Task item
Nothing but the lines below from the one that contains "SPOOKY UFO HALLOWEEN" through the one that contains "COMO PASSAR EM" should be retyped, exactly and including both ends. Do not include pictures.

Material supplied
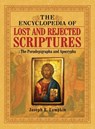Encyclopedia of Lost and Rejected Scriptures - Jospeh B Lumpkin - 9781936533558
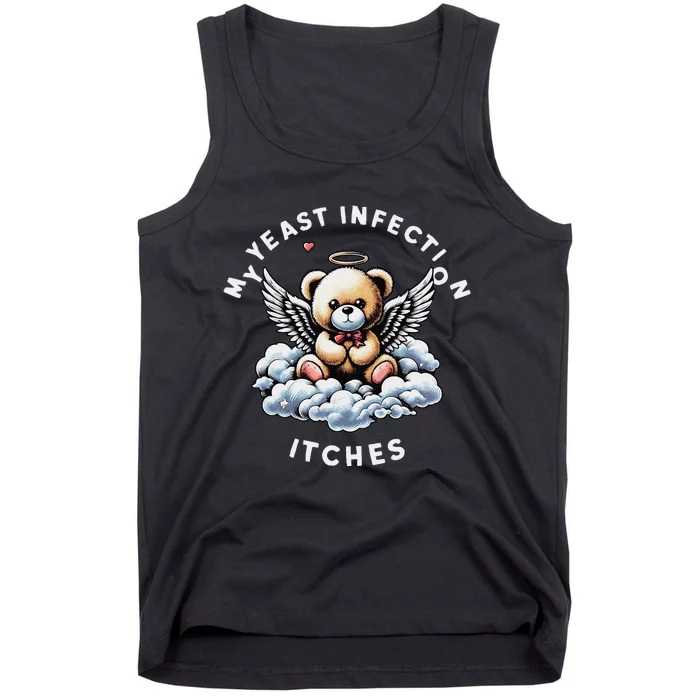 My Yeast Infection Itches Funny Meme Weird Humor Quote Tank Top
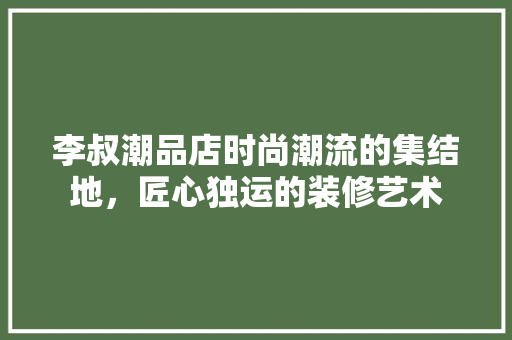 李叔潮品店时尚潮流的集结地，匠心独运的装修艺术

==

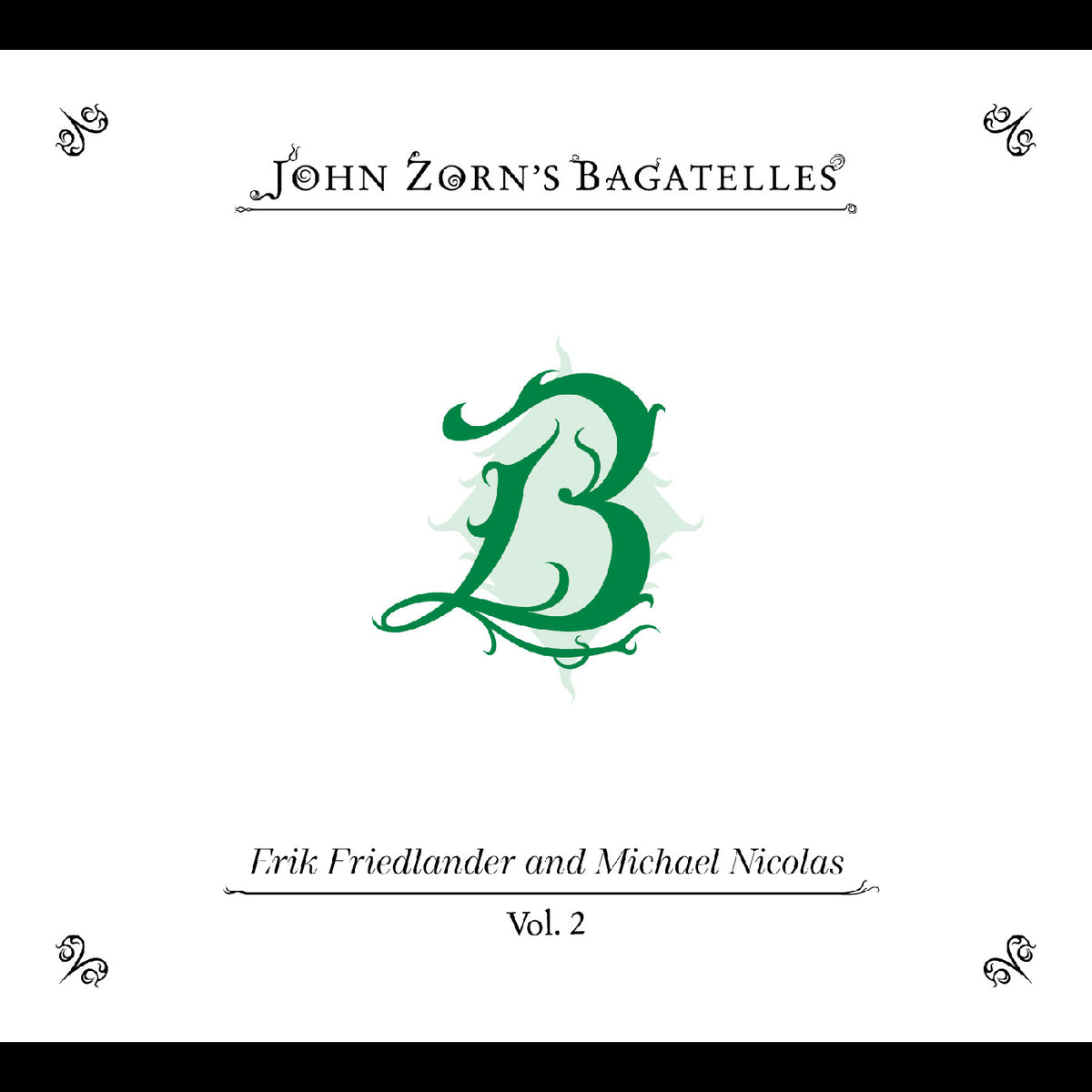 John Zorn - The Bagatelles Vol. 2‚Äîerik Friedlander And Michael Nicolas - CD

* * *

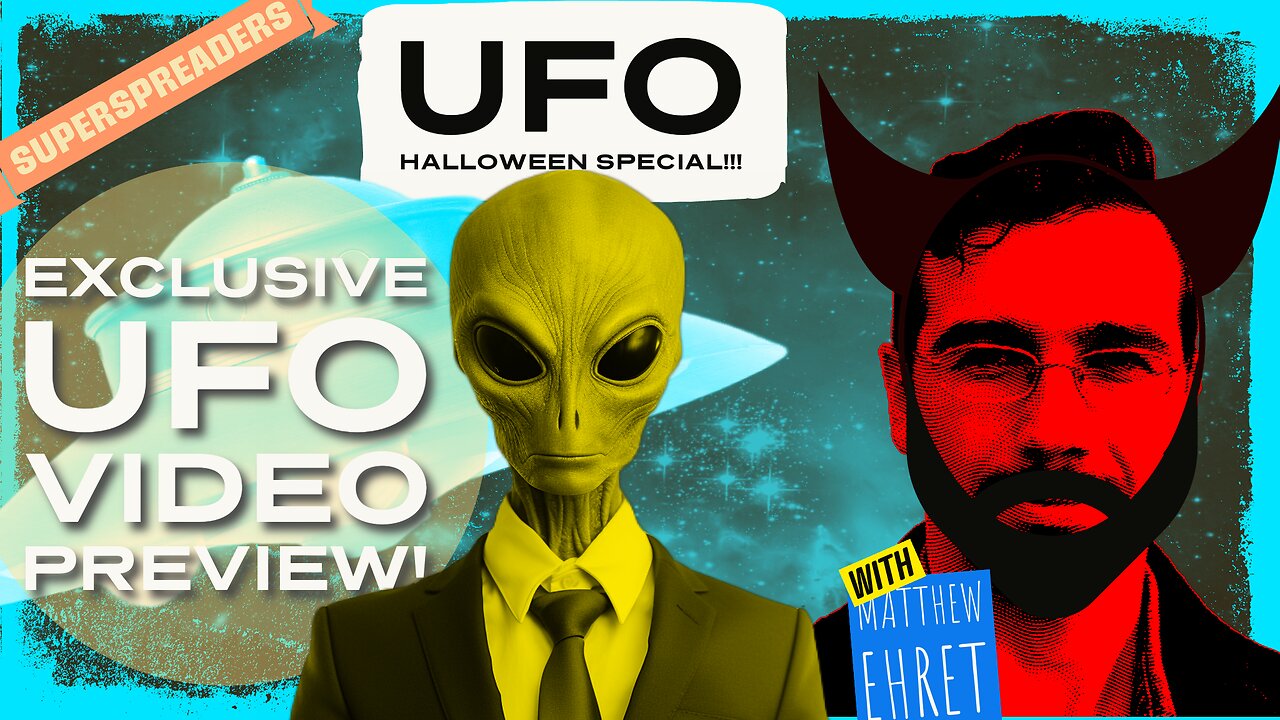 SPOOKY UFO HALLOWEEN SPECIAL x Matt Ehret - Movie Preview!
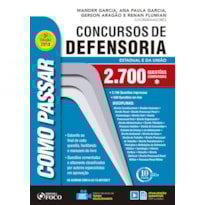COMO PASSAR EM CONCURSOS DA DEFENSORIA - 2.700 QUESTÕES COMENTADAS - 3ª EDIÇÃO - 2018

Reply
 SPOOKY UFO HALLOWEEN SPECIAL x Matt Ehret - Movie Preview!
COMO PASSAR EM CONCURSOS DA DEFENSORIA - 2.700 QUESTÕES COMENTADAS - 3ª EDIÇÃO - 2018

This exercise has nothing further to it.